Cartel battle leaves church looted, bullet-ridden in western Mexico
APATZINGAN, MEXICO: A clash between drug trafficking cartels last week left a church pillaged and full of bullet holes in a village in the Mexican state of Michoacan.
Saint Joseph the Worker parish in San José de Chila, about 25 miles southwest of Apatzingán, found itself at the center of a power struggle between the Jalisco New Generation Cartel and the Knights Templar Cartel the evening of March 19.
Speaking to ACI Prensa, CNA’s Spanish language sister agency, Fr. Isaac Barajas Castañeda, the pastor of Saint Joseph the Worker, said the drug traffickers “engaged many weapons, a lot of ammunition, armored cars, they left many men dead, many pools of blood” in the village.
The church was reportedly seized as a fort by one of the cartels, leading their opponents to open fire. Barajas was not at the parish at that time since he had left the village two days prior to the confrontation, on March 17. He is now assessing the damage to the church and rectory.

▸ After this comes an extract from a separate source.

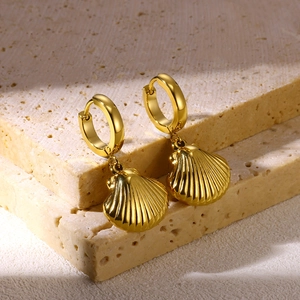 Macro shot of gold shell drop earrings featuring textured stripes on porous stone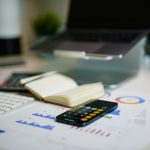 Desk with financial charts, a smartphone and notes for cash flow planning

“The bell tower is full of bullet holes, the bells are shot through, the baptismal font is overturned, they opened up the sacristy, broke windows, knocked down doors,” he said.
“They went looking for people and at the same time for money, jewelry, weapons, they searched everywhere, there wasn’t a small box they didn’t open.”
The drug traffickers took from the church a motorcycle, money, and gold objects, as well as the priest’s personal belongings.
The distance to the village, he said, meant that the authorities could not intervene.
“This is a rural village far from Apatzingán, the authorities are there in Apatzingán. They knew what was going on, but they didn’t come.”
However, he said “anyhow the local authorities are outmatched, because the (federal) government has already come twice. While the government comes it’s perfectly quiet here. You don’t see anyone here doing any harm.”
“The government spent two days here and then they left. And as soon as they had left, the shooting started up again. There would have to be I don’t know how many platoons living here for that not to happen.”
Despite the level of violence going on in the area, Barajas is not thinking of abandoning the village or his ministry. He said he is staying “for the mission the bishop has entrusted to me and because my presence shores up the few remaining families.”
Bishop Cristóbal Ascencio García of Apatzingán visited San José de Chila March 24 to see the damage caused by the violence of the drug traffickers.
“He looked surprised and offered a prayer of reparation for the church, the baptismal font, and the sacred vestments,” the pastor said.
Barajas said that Bishop Ascencio “explained the readings on the call of Moses, who liberated a people, the Gospel reading on the fig tree and emphasized that we must bear fruits of love, peace and justice.”